Tuesday, August 31, 2010

On Being Disappointed

This is a blog about a real life situation with a real life person. I hate talking about people who don't know that this blog exists for the simple reason that I would die of shame if they ever found out.

There is someone I go to school with, someone who I considered a really good friend of mine, someone I look up to and admire for working hard to take care of her family and still go to school at night.

But then a few weeks ago, she dropped the bombshell that she is getting a divorce. My heart broke into a million pieces because I don't want her or her kids to hurt. I can't imagine how hard it would be to continue school and deal with this.

Then my heart broke a little more because she told me that the root of this divorce was her new boyfriend.

I felt like I had been punched in the stomach. It wrecked my heart that this person who I adore to the ends of the earth, who I want to grow up and be like, had an affair.

I'm not passing judgment or saying that the divorce is all her fault, I just want to talk about how much it upset me to hear that someone I thought I knew so well could do something like this.

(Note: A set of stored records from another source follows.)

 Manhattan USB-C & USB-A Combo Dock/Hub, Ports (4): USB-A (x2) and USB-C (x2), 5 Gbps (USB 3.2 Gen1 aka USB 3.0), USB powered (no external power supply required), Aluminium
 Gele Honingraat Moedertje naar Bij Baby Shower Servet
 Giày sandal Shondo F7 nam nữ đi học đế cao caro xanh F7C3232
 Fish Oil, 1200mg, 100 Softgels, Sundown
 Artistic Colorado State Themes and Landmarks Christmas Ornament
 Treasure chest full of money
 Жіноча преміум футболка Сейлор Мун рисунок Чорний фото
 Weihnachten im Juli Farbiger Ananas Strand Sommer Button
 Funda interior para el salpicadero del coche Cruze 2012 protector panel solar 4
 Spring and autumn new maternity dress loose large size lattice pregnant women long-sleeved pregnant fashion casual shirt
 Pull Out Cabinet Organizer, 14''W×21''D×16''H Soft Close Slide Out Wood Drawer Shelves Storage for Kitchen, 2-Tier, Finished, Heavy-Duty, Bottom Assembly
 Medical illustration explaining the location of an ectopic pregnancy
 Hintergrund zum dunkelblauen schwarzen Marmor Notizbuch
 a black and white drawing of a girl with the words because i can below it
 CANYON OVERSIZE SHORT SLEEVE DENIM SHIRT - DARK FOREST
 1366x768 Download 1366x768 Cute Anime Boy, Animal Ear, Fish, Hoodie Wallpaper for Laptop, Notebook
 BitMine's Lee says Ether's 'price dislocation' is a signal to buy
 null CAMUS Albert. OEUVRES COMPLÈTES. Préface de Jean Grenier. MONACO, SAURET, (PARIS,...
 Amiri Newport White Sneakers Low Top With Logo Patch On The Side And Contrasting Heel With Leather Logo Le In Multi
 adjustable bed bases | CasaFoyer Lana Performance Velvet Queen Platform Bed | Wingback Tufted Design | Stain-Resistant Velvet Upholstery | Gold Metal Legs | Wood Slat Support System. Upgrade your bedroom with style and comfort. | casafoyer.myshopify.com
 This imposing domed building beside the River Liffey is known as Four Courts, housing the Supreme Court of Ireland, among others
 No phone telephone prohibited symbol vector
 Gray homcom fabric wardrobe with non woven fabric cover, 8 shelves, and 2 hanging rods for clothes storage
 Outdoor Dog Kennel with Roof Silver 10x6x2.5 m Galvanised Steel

It sucks being disappointed in someone. 

It sucks even more that I have to continue going to school with her and am trapped in a setting where voicing my opinion is not appropriate or welcomed. I want to tell her how let down I am in her. How it drives me crazy that she's not fighting for her family or even stopping to think about what is best for her kids. 

So, that's where I am with this situation. Disappointed and completely let down by her and the universe for letting this happen.